Nachhaltig & Regional
Saugut
Sport am Mittag hält das Bäuchlein straff: Im Wäldchen bei Alverskirchen proben schwarzgraue Jungschweine den Wettlauf, quieken und grunzen. Landwirt Christian Vincke, 35 Jahre alt, steht am Gatter und schaut zufrieden zu. Der Alverskirchener hält seit gut vier Jahren Ibérico-Schweine im Offenstall. Der angrenzende Auslauf mit Baumbestand und sporadischem Zugang zu einer Obstwiese ist 1,8 Hektar groß. Ein Paradies für um die 100 Schweine.
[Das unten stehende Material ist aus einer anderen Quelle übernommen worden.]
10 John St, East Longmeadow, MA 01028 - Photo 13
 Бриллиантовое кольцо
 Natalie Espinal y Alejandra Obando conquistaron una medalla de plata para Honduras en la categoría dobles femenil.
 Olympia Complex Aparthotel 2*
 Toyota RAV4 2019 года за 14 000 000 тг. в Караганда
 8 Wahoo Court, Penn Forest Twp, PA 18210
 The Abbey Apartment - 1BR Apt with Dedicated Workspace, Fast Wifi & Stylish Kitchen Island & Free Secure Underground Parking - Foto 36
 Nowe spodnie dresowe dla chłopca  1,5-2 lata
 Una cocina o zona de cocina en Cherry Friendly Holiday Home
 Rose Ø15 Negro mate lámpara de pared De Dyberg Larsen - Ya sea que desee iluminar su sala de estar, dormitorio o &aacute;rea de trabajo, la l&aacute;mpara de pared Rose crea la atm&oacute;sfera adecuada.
Und für was für welche! Wild sehen sie aus, sportive Körper haben sie und ein feuriges Temperament.
IN EICHENWÄLDERN GEMÄSTET
Kein Wunder, stammen diese Schweine doch aus Spanien. Schinken dieser spanischen Schweinerasse gehören zu beliebten Delikatessen von Gourmets und Spanienurlaubern. Qualität und aromatischer Geschmack des Fleisches sind in der Haltung und insbesondere in der Genetik und im Futter der Tiere begründet: In Spanien leben die Ibérico Schweine ihr Leben lang auf großen Flächen in Steineichenbeständen und futtern die letzten Monate ihrer Mastzeit hauptsächlich Eicheln. Die Tiere leben länger, 14 bis 18 Monate dauert die Schlachtreife – ein Schwein in konventioneller Haltung wird etwa sieben Monate alt. Anders als die in Deutschland üblichen Hausschweine, die auf 16 Rippen gezüchtet wurden, haben die Ibérico-Schweine nur zwölf oder 13 Rippenpaare – deshalb wirken sie so sportiv. „Man möchte das intramuskuläre Fett dieser Tiere haben“, erklärt Christian Vincke, „die Fettauflage an sich ist bei den Ibéricos fünfmal so dick wie beim gewöhnlichen Schwein.“ Wer einmal in Spanien war, dem sind in Bars und Restaurants die von der Decke hängenden Schinkenkeulen bekannt. 14 bis 36 Monate reift die Delikatesse an der Luft, bis ein Messer eine hauchzarte Scheibe schneidet. Da läuft einem – abgesehen von den Vegetariern – das Wasser im Munde zusammen.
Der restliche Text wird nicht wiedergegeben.